The mTOR Pathway Regulates PKM2 to Affect Glycolysis in Esophageal Squamous Cell Carcinoma.

OBJECTIVES: Esophageal squamous cell carcinoma is a highly prevalent cancer withpoor survival rate and prognosis. Increasing evidence suggests an important role for metabolic regulation in treating esophageal squamous cell carcinoma, but the underlying mechanism remains unclear. The pyruvate kinase M2 isoform is a key enzyme in the energy production process, and the upregulation of pyruvate kinase M2 isoform also plays a crucial role in gene transcription and tumorigenesis. The mammalian target of rapamycin pathway regulates an array of cellular functions, including protein synthesis, metabolism, and cell proliferation. The pyruvate kinase M2 isoform and mammalian target of rapamycin pathways both affect metabolism in cancers, and evidence also suggests that the mammalian target of rapamycin downstream transcription factor hypoxia-inducible factor-1α regulates pyruvate kinase M2 isoform. We therefore investigated the regulatory mechanism among pyruvate kinase M2 isoform, mammalian target of rapamycin, and aerobic glycolysis in esophageal squamous cell carcinoma, hoping to prove that mammalian target of rapamycin pathway regulates pyruvate kinase M2 isoform to affect glycolysis in esophageal squamous cell carcinoma.
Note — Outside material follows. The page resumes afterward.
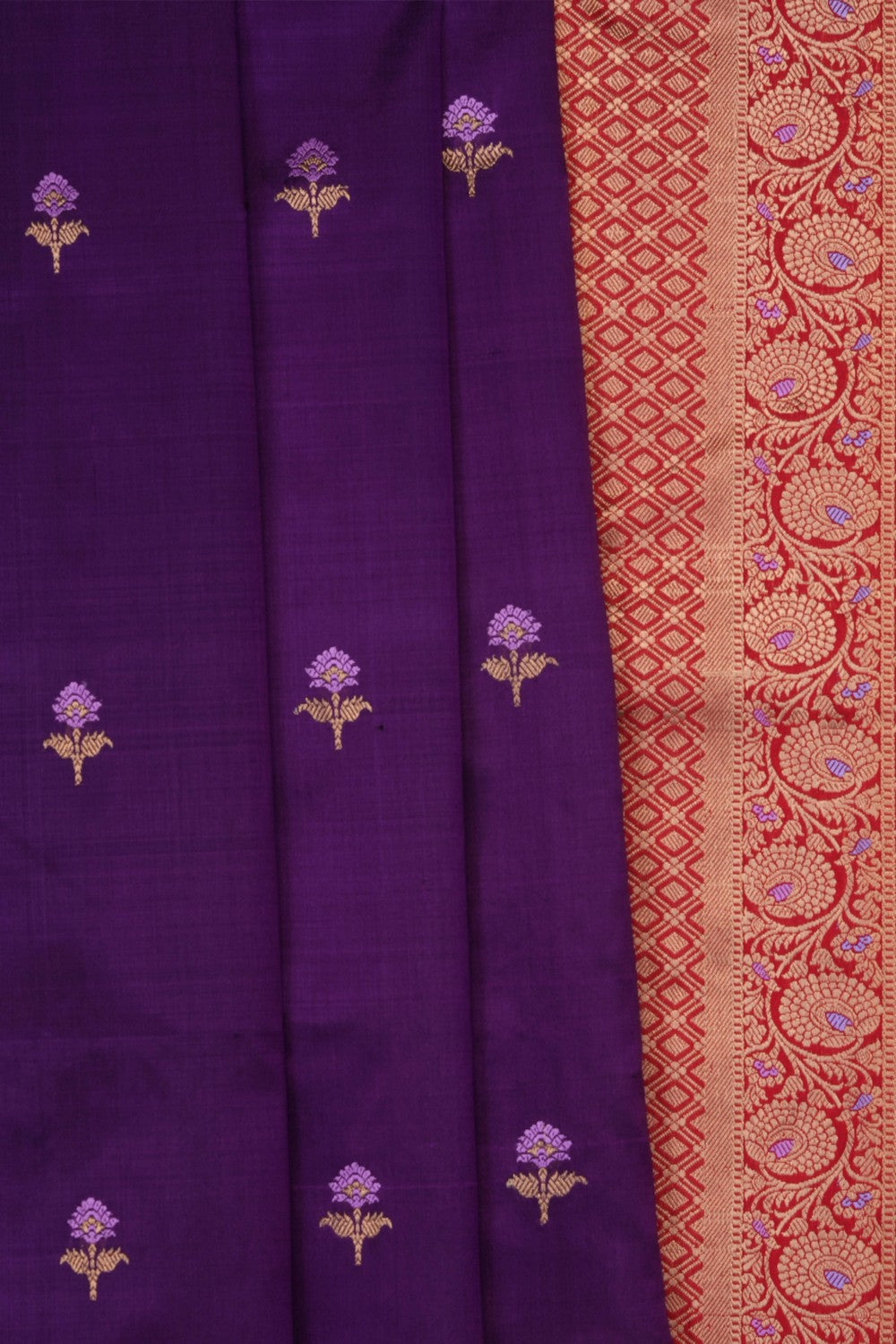 Image of Violet Banarasi Katan Silk Saree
METHODS: Immunohistochemical staining was used to compare pyruvate kinase M2 isoform and phospho-mammalian target of rapamycin expression in 30 human pathological esophageal squamous cell carcinoma sections and 30 nontumoral esophageal tissues. Short hairpin RNA was used to inhibit pyruvate kinase M2 isoform and activate mammalian target of rapamycin, after which we monitored changes in glucose consumption and lactate production. Finally, we determined the expression of pyruvate kinase M2 isoform and the mammalian target of rapamycin downstream transcription factor hypoxia-inducible factor-1α, as well as glucose consumption and lactate production, following the modification of mammalian target of rapamycin expression.
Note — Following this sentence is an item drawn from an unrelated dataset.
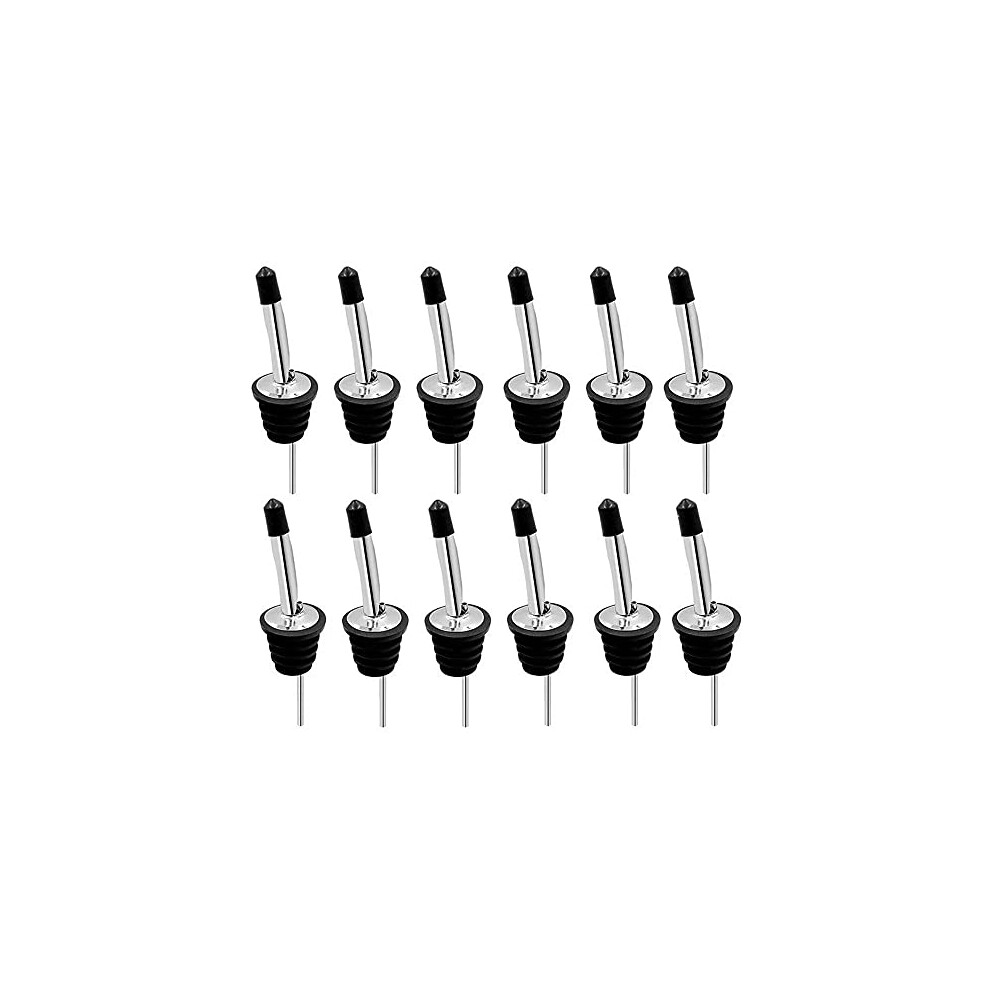 12Pcs Stainless Steel Liquor Spirit Bottle Speed Pourers Tapered Spout with Rubber Dust Caps Liquor Bottle Pourers with Silicone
RESULTS: Immunohistochemical staining showed that both phospho-mammalian target of rapamycin and pyruvate kinase M2 isoform expression were higher in esophageal squamous cell carcinoma than in nontumor tissues. Glucose consumption and lactate production measurements demonstrated that altering mammalian target of rapamycin and pyruvate kinase M2 isoform levels caused corresponding changes in glycolysis in esophageal squamous cell carcinoma cells. When mammalian target of rapamycin was activated or inhibited, expression of pyruvate kinase M2 isoform and hypoxia-inducible factor-1α as well as glycolysis were altered, indicating that mammalian target of rapamycin regulates pyruvate kinase M2 isoform via the downstream transcription factor hypoxia-inducible factor-1α, thereby affecting glycolysis in esophageal squamous cell carcinoma.

CONCLUSION: Mammalian target of rapamycin pathway promotes aerobic glycolysis in esophageal squamous cell carcinoma by upregulating pyruvate kinase M2 isoform. Both proteins can serve as molecular targets for novel therapeutic strategies.